How do we fix Google? Correcting a private information source

July 8, 2011 at 2:32 pm 21 comments

Google my name, “Mark Guzdial.”  You’ll get back a page that looks something like this.

I’m not an Associate Professor.  I was promoted to “full” Professor six years ago.  Check out the page that Google references — it says I’m a professor.  Check the cached version at Google — it says I’m a professor.  Why does Google tell people I’m an Associate Professor?

It’s slightly more than a minor annoyance.  I have given several talks in the last six years where I have been introduced as “Associate Professor.”  I have a collection of posters advertising my talks on which I’m listed as an “Associate Professor.”  Most people don’t go further than the Google search page when trying to figure out my title.

It’s actually an interesting example of a larger problem.  We have all become reliant on an information source, Google.com, which is out of our control and is used pervasively.  If Google says something is true, many people will simply believe it — and there’s virtually no way to call it into question, as I’m trying to do here.  Google is a private company, a private information source, but not a news medium that one can cite and critique.  How do we “fix” Google’s errors?  What about “Don’t be evil“?  Seems fairly “evil” to me to tell lies, spread them widely, and don’t allow for correction.

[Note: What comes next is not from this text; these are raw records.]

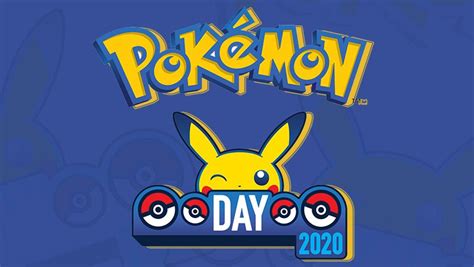 Pokemon Day 2020 Celebrations Bring Brand New Mythical Pokemon To Sword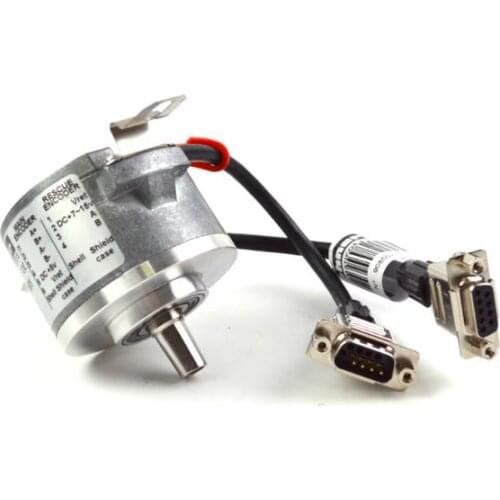 Elevator Lift Parts Encoder TAA633K161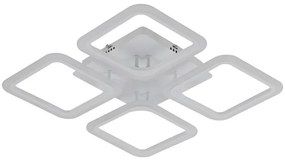 LED állítható mennyezeti lámpa LED/70W/230V 3000-6500K + távirányító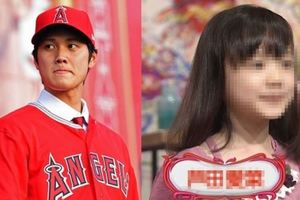 大谷竟是蘿莉控？ 哈爆13歲少女「禁愛5年」等的就是她？！網：你也懂10年養成計畫？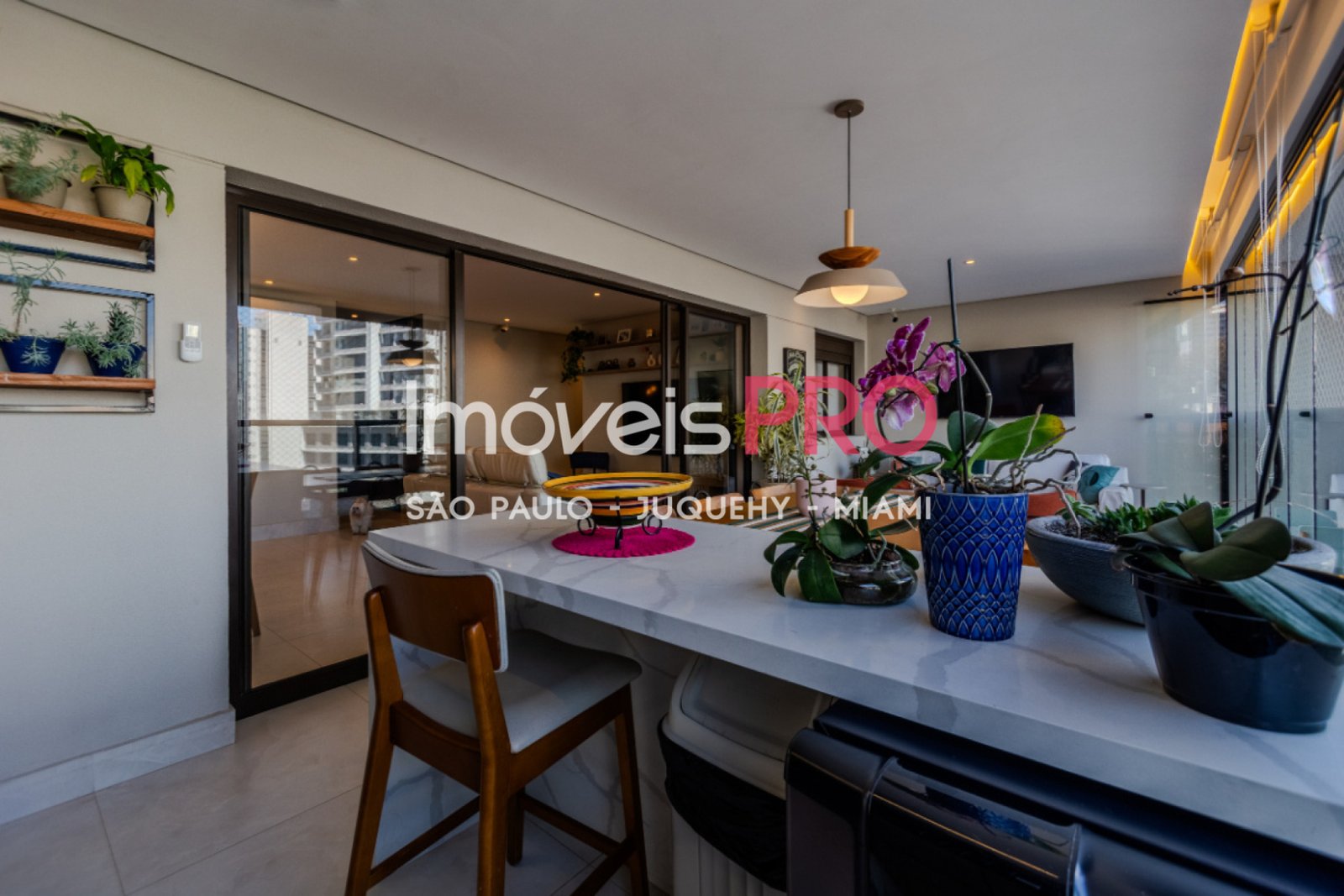 Apartamento de 4 quartos, 159 m², à venda em Aclimação — foto 7 de 42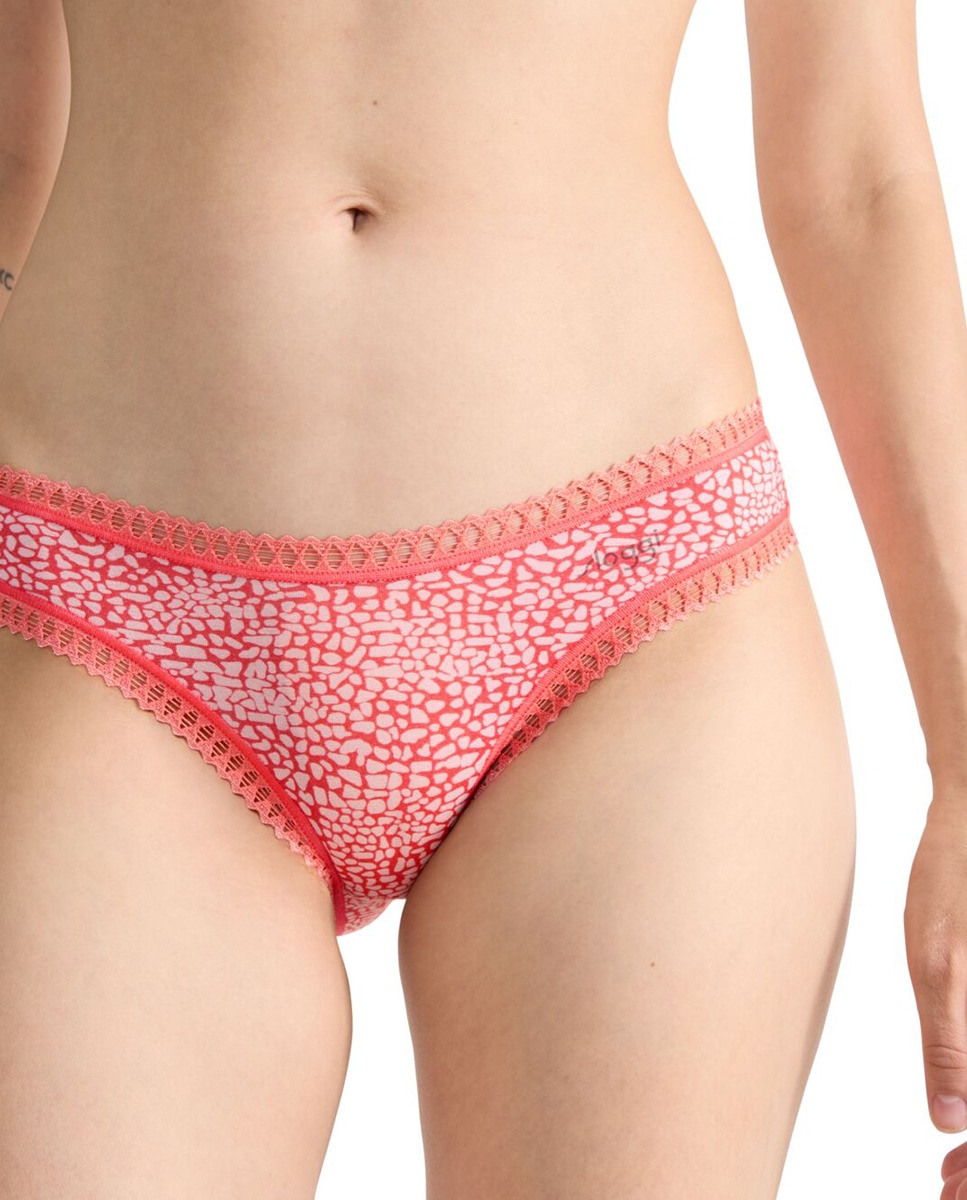 Pack de Cueca Mini Multicolor-3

By the way, Bing gets it right.

 

Entry filed under: Uncategorized.

NCWIT database of CS jobs vs graduates per Congressional district It will never work in theory: New blog on empirical software engineering

21 Comments Add your own

  • 1. BKM  |  July 8, 2011 at 2:42 pm

    I’ve submitted reports of incorrect addresses to Google Maps, and they have fixed the errors and notified me when fixed. That is the only time I have corrected them.

    Reply
  • 2. Nick  |  July 8, 2011 at 2:54 pm

    Finally someone says it! No one company can be 100% correct all of the time. We trust google far more than we should.

    Reply
  • 3. Max Hailperin  |  July 8, 2011 at 3:31 pm

    Already this blog post is on its way to being a “heisenbug.” Although the search result still looks “something like” shown, the second-ranked result is now this blog entry itself.

    Reply
  • 4. Manas Tungare  |  July 8, 2011 at 3:51 pm

    I think it’s getting it from http://www.google.com/Top/Computers/Programming/Languages/Smalltalk/Personal_Pages/ which clearly hasn’t been updated in 6 years. But yes, Google should be using the title from your site, not the directory. Looks like a bug.

    Reply
  • 5. Kurt L.  |  July 8, 2011 at 3:57 pm

    The solution is for people using Google to be more careful. If I wanted to figure out your title I’d be sure to get that info from your own website, not some out-of-date search result. Sure it’s a technical flaw on Google’s end as well, but in my opinion, most of the fault lies with the searcher who didn’t bother taking the extra two seconds to verify. There is a analogy to using Wikipedia for research. Wikipedia, like Google, is a great starting point, but you always need to check the sources.

    Reply
    • 6. Mark Guzdial  |  July 9, 2011 at 8:53 am

      The question for me, Kurt, is “How would people know?” I would’ve guessed that Google’s snippets came from the web pages, so it’s merely a mirror of the content. But clearly it’s not. I think the message is getting out (especially to school children) that Wikipedia is crowdsourced and should be verified. But Google? How often (other than this blog post 🙂 have you seen Google critiqued as a flawed information source? How would we know that Google is inserting information, besides what it gets from the web pages themselves?

      Reply
      • 7. Jeff Rick  |  July 9, 2011 at 4:09 pm

        It is completely unrelated to your original post, but I’m increasingly convinced that the “Wikipedia content does not count as a real source” argument needs to be revisited. The truth is that there is no absolute source. Peer-reviewed scientific publications (i.e., the gold standard for knowledge) are too frequently out-of-date or inaccurate (it is quite easy to cite an article that has been shown to be flawed without being aware of the follow-up article). I’m convinced many flaws never even get caught. Furthermore, newspaper articles summarizing scientific articles, in my experience, often get it wrong. There is no black / white demarcation of acceptable source / unacceptable source; it is all shades of gray. I’d consider a Wikipedia cite as more trustworthy than most newspaper cites; there’s a stronger chance that the Wikipedia article is reviewed by an expert and it is more likely to be up-to-date.

        Reply
  • 8. Sarita Yardi  |  July 8, 2011 at 4:10 pm

    I posted this on G+/Twitter and Manas said he “escalated appropriately.” A few other folks mentioned that putting a tag in your tag should solve the problem. Technical part aside, the part about people skimming taglines–zero click approach–is super interesting!

    Reply
    • 9. Sarita Yardi  |  July 11, 2011 at 8:25 am

      Whoops – I wrote that putting a [open tag]meta[close tag] tag in your [open tag]head[close tag] tag should solve the problem but the html messed up wordpress. 🙂

      Reply
  • 10. gasstationwithoutpumps  |  July 8, 2011 at 4:18 pm

    I have sent many corrections of Google bike routing information and most of my corrections have been accepted within a few weeks.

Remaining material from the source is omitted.